▶ [Records for the task]
------------------------------------------------------------------------

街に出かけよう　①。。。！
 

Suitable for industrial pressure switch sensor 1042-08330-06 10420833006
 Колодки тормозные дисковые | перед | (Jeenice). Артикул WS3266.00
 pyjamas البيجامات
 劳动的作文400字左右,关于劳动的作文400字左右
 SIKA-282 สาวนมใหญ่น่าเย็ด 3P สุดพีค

------------------------------------------------------------------------

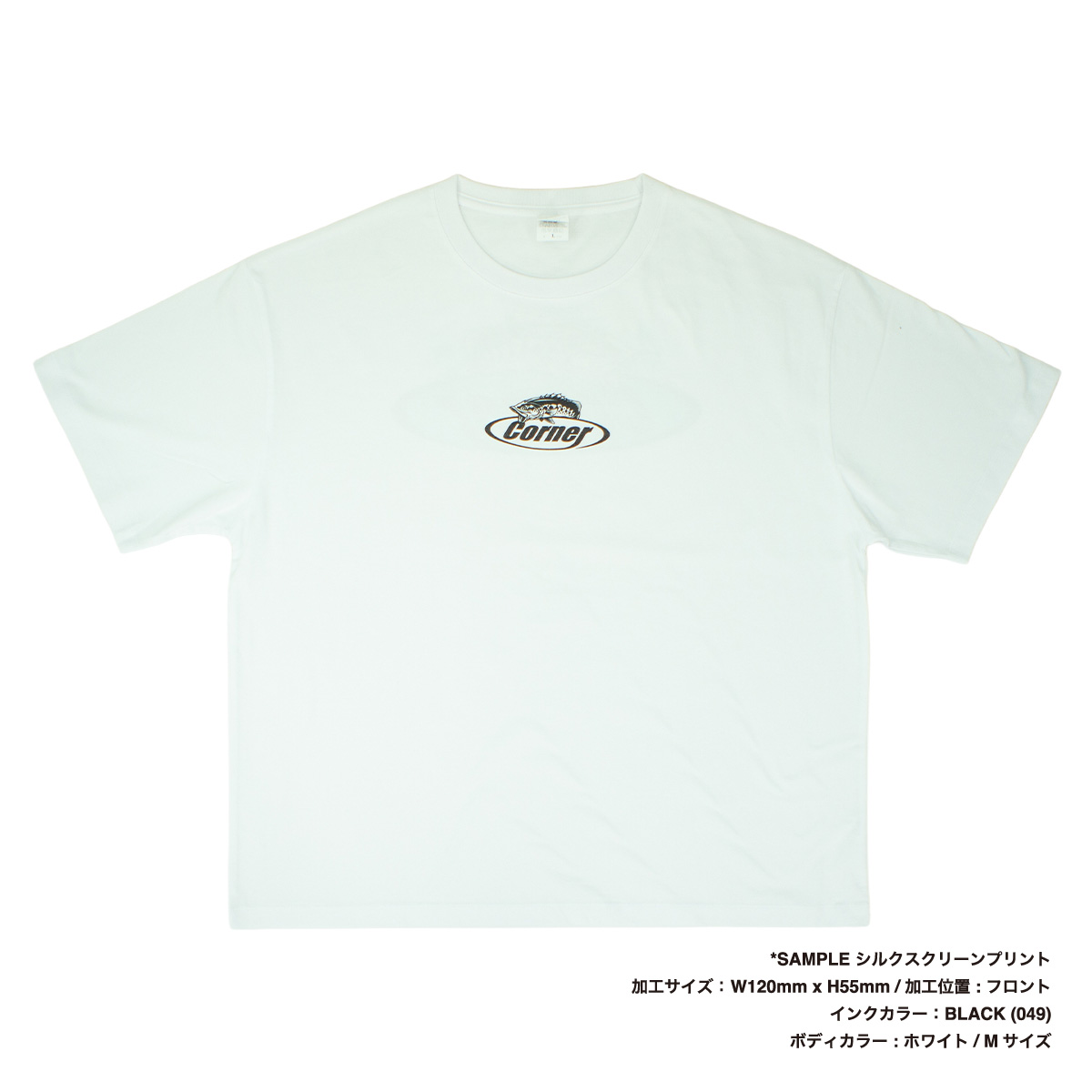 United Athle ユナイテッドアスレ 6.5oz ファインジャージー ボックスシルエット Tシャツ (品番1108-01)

------------------------------------------------------------------------

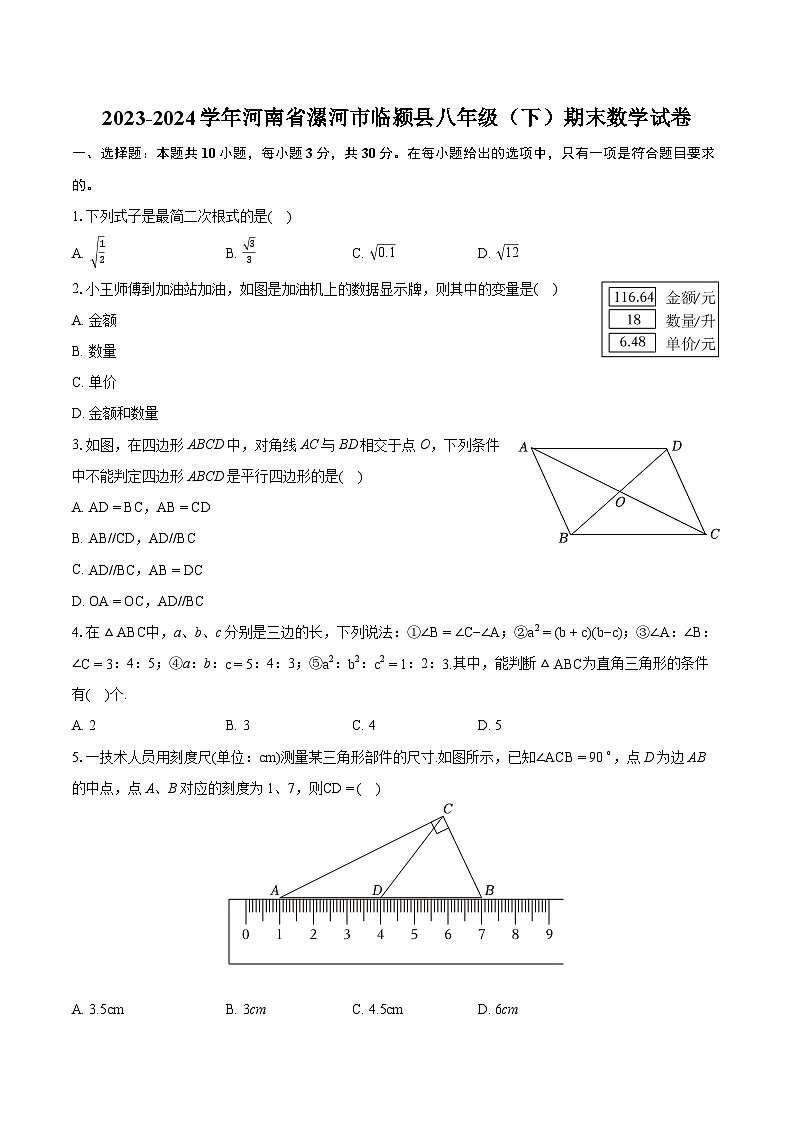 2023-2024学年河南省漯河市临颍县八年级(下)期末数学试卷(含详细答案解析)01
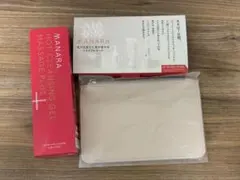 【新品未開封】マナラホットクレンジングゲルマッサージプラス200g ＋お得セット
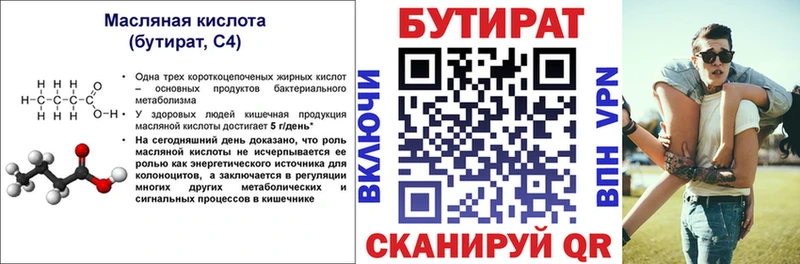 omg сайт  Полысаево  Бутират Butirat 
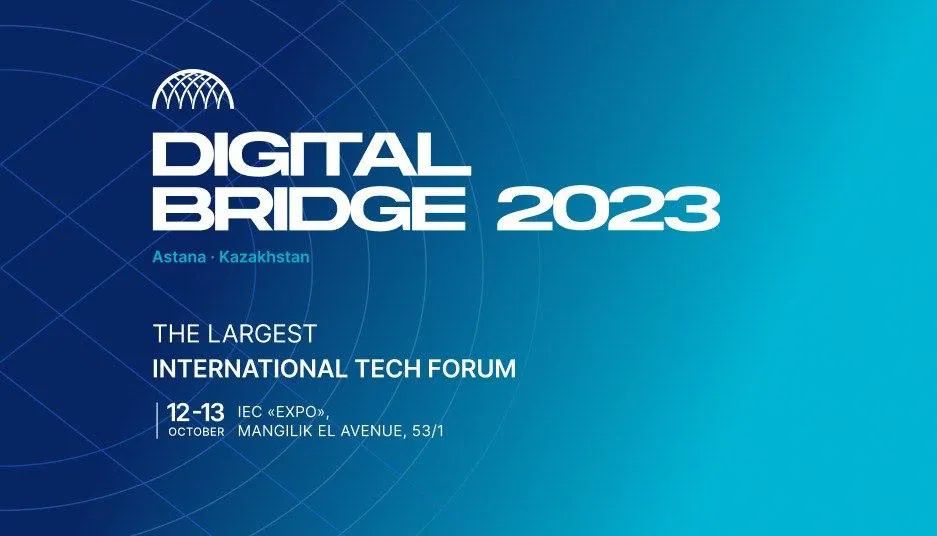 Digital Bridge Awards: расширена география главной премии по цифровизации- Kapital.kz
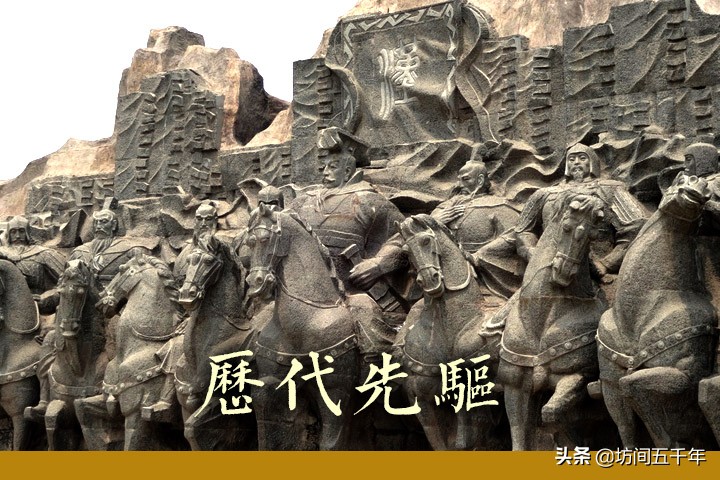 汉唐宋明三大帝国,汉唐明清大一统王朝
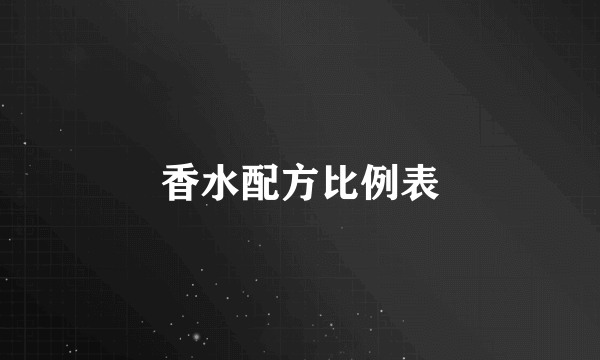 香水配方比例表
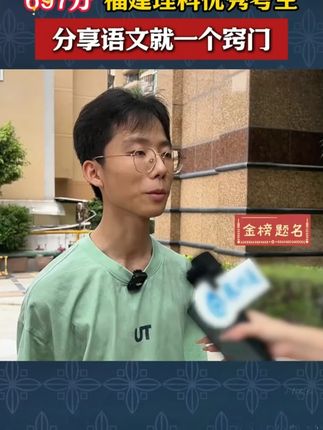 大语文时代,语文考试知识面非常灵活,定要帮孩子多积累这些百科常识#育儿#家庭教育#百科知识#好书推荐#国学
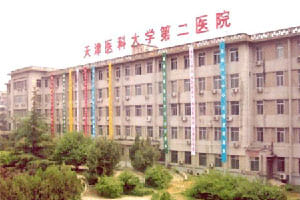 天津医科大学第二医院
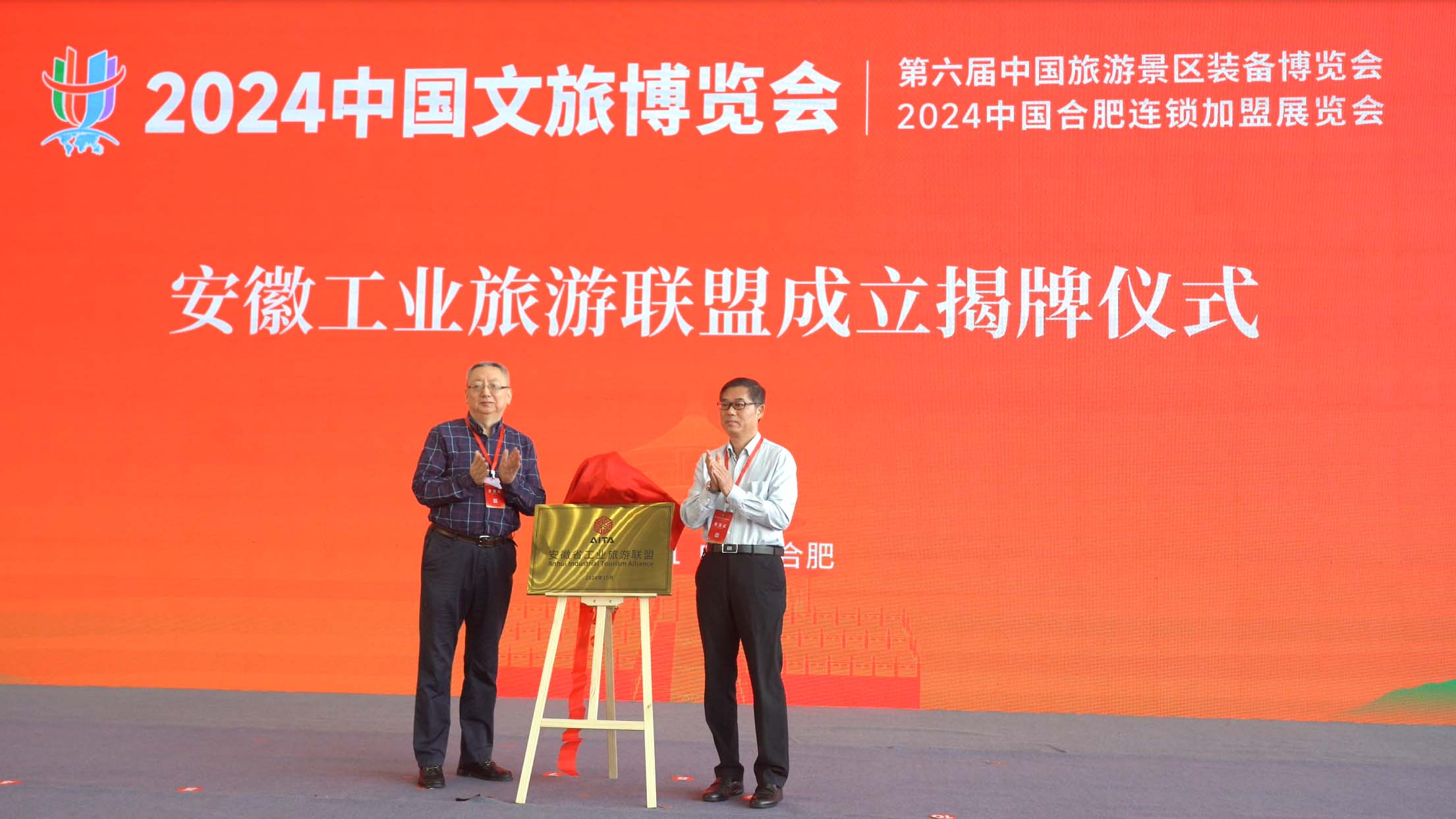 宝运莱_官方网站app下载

------------------------------------------------------------------------

▶ [Your goal] Using the entries above, extract exactly the lines from the one that contains "2023-2024学年河南省" through the one that contains "宝运莱_官方网站app下载". Do not carry over any pictures.

▶ [Solution to the problem]
 2023-2024学年河南省漯河市临颍县八年级(下)期末数学试卷(含详细答案解析)01
 【新品未開封】マナラホットクレンジングゲルマッサージプラス200g ＋お得セット
 omg сайт  Полысаево  Бутират Butirat 
 Digital Bridge Awards: расширена география главной премии по цифровизации- Kapital.kz
 汉唐宋明三大帝国,汉唐明清大一统王朝
 香水配方比例表
 大语文时代,语文考试知识面非常灵活,定要帮孩子多积累这些百科常识#育儿#家庭教育#百科知识#好书推荐#国学
 天津医科大学第二医院
 宝运莱_官方网站app下载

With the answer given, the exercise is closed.